Bambang merinci kerugian kerusakan lingkungan Rp 271,06 triliun itu antara lain kerugian ekologis Rp 183,70 triliun, kerugian ekonomi lingkungan Rp 74,47 triliun dan biaya pemulihan lingkungannya Rp 12,15 triliun.
"Atau semuanya digabungkan maka kerugian ekologisnya Rp183.703.234.398.100, kerugian ekonomi lingkungan Rp74.479.370.880.000, dan biaya pemulihan lingkungannya Rp12.157.082.740.060. Totalnya kerugian kerusakan tadi sebesar Rp271.069.688.018.700,” kata Bambang.

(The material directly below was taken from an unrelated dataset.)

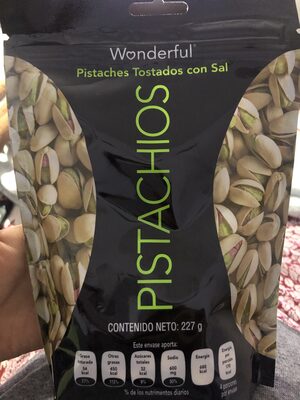 pistache wonderful 227 gr bol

Kerugian Keuangan Negara Masih Dihitung
Adapun pengertian kerugian keuangan negara dan kerugian perekonomian negara sendiri memang memiliki perbedaan, yang berasal dari cara ukur perhitungannya. Kerugian keuangan negara diukur dengan nilai uang yang dicurangi, sementara kerugian perekonomian negara diukur dari dampak terhambatnya perekonomian negara antara lain penurunan investasi, kerusakan infrastruktur, gangguan stabilitas ekonomi, hingga pengurangan pendapatan negara.
Dalam kasus tindak pidana korupsi, keseluruhan dari kerugian yang ditimbulkan pun diukur. Sejauh ini, untuk kasus dugaan tindak pidana korupsi dalam tata niaga komoditas timah di wilayah Izin Usaha Pertambangan (IUP) PT Timah Tbk tahun 2015-2022 baru menghitung kerugian perekonomian negara yang menyentuh Rp271 triliun.

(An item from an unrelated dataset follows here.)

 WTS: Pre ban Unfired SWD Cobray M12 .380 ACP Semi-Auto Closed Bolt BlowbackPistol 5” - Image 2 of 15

Sedangkan kerugian keuangan negara dalam perkara tersebut masih dalam upaya penghitungan penyidik Kejagung bersama pihak terkait lainnya. Direktur Penyidikan Jaksa Agung Muda Pidana Khusus (Jampidsus) Kejagung Kuntadi menuturkan, pihaknya masih proses penghitungan untuk kerugian keuangan negara.
"Terkait dengan perhitungan kerugian keuangan negara kami masih dalam proses penghitungan," kata Kuntadi di Kejagung, Jakarta Selatan, Rabu, 27 Maret 2024.

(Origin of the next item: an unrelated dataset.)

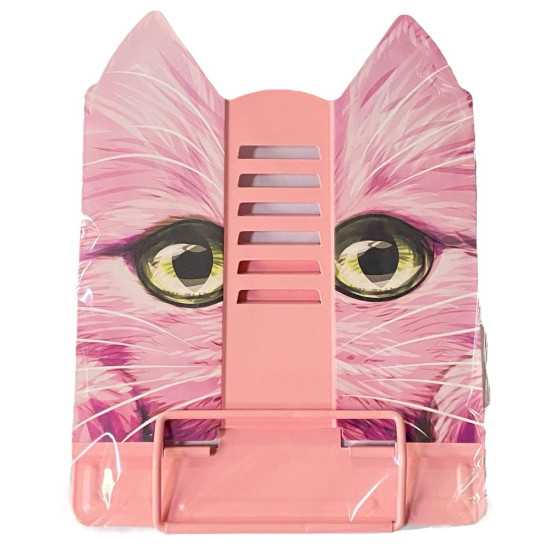 Подставка для книг металлическая "Cats" 26 х 20 х 11см,mix (3080-B)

Adapun Kejaksaaan Agung bersama Badan Pengawasan Keuangan dan Pembangunan (BPKP) serta pihak terkait masih rumuskan formulasi penghitungan untuk kerugian keuangan negara.
"Formulasinya masih kami rumuskan dengan baik dan BPKP maupun dengan para ahli. Hasilnya seperti apa, yang jelas kalau dari sisi pendekatan ahli lingkungan beberapa saat yang lalu sudah kami sampaikan. Selebihnya masih dalam proses untuk perumusan formulasi penghitungannya," Kuntadi menambahkan.